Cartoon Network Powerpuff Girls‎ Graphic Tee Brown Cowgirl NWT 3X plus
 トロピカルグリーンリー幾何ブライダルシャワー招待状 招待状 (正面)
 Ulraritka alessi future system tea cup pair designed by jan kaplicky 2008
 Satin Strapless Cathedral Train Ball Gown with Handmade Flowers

* [Exercise] Please transcribe the data shown above in full, exactly as it stands.

* [Your solution]
Cartoon Network Powerpuff Girls‎ Graphic Tee Brown Cowgirl NWT 3X plus
 トロピカルグリーンリー幾何ブライダルシャワー招待状 招待状 (正面)
 Ulraritka alessi future system tea cup pair designed by jan kaplicky 2008
 Satin Strapless Cathedral Train Ball Gown with Handmade Flowers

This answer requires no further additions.